Then, near the end of her rope, she met a man (she calls him Nick) with a different but similarly dire family life: he had an adult autistic son who was severely impaired and a wife he no longer felt connected to except as a co-parent. He inserted himself into her life and became a lifeline for her. She resisted his attention at first. Finally, the desert she inhabited required her to drink a bit from the cup he offered. When her husband went to visit his adult children occasionally, she got a much-needed break with brief interludes of pleasure and companionship. Enough to keep her from hitting bottom, but nothing that vanquished her love for Jack.

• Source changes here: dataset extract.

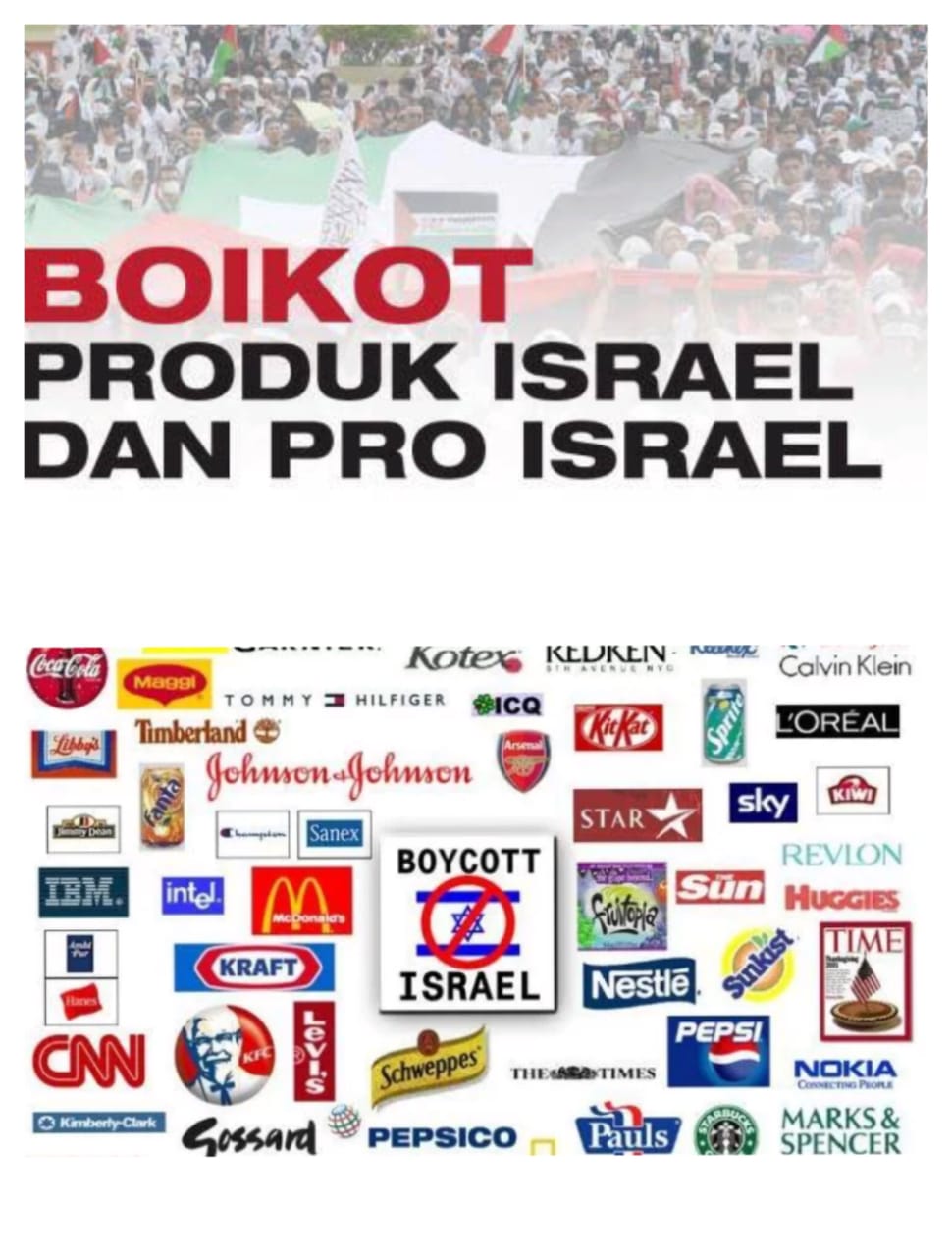 Daftar Produk-Produk Pro Israel Yang Wajib Diboikot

It brings to mind the old saying: Some people come into our lives for a reason, for a season, or for a lifetime. Nick came for a reason and for a season.
In the end, she got some help for Jack, first at home and later in the facility he was moved to. And finally, in September 1996, he died.

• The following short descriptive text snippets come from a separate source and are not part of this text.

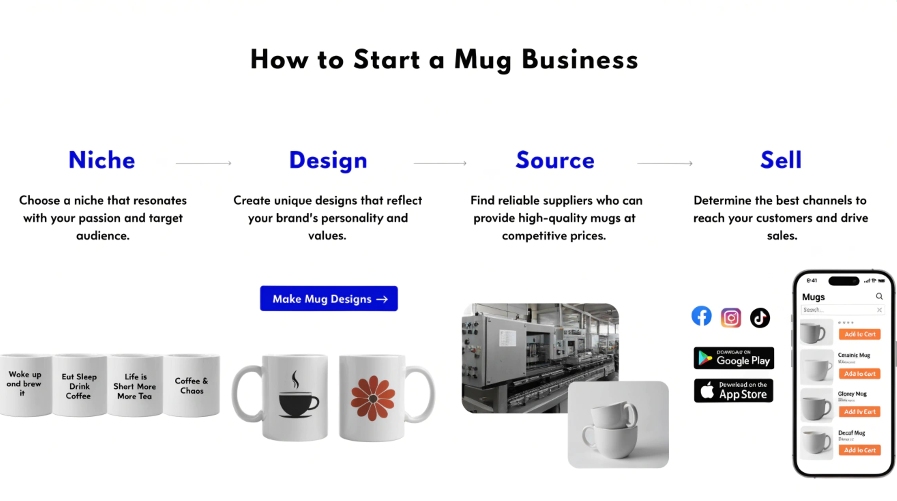 A flowchart showing the steps to start a mug business: Niche, Design, Source, Sell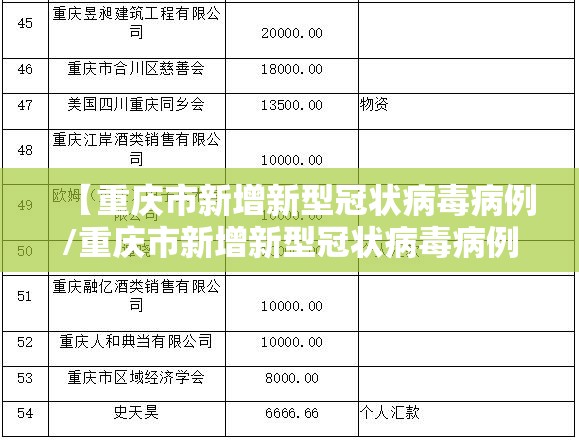 【重庆市新增新型冠状病毒病例/重庆市新增新型冠状病毒病例多少】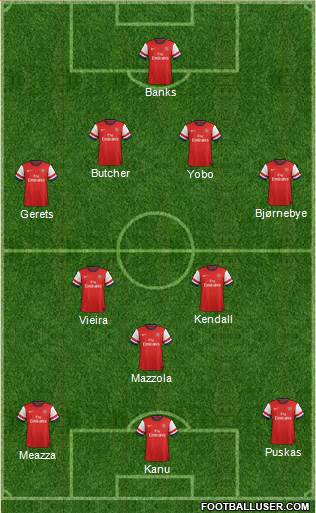 Arsenal Formation 2013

Saintonge then entered another void: what would fill her life now? How could she make sense of it all? What did she even believe anymore? It was another kind of dark night of the soul.
“I sat in silence and confusion year after year, the loss of spiritual understanding feeling even more painful than the loss of Jack. In the end I came to see that, once again, God had to come to me, to find me and teach me not to believe what anyone else believed, but to take me into a space that I could find authentic.”
She read Richard Rohr’s Things Hidden and embraced the idea of original blessing. She read Marcus Borg who described the incarnation of Jesus as revealing, not the dichotomy, but the oneness of the finite and the infinite. “We can become more fully human by connecting with that of the divine within us,” she writes. “That made perfect sense to me.”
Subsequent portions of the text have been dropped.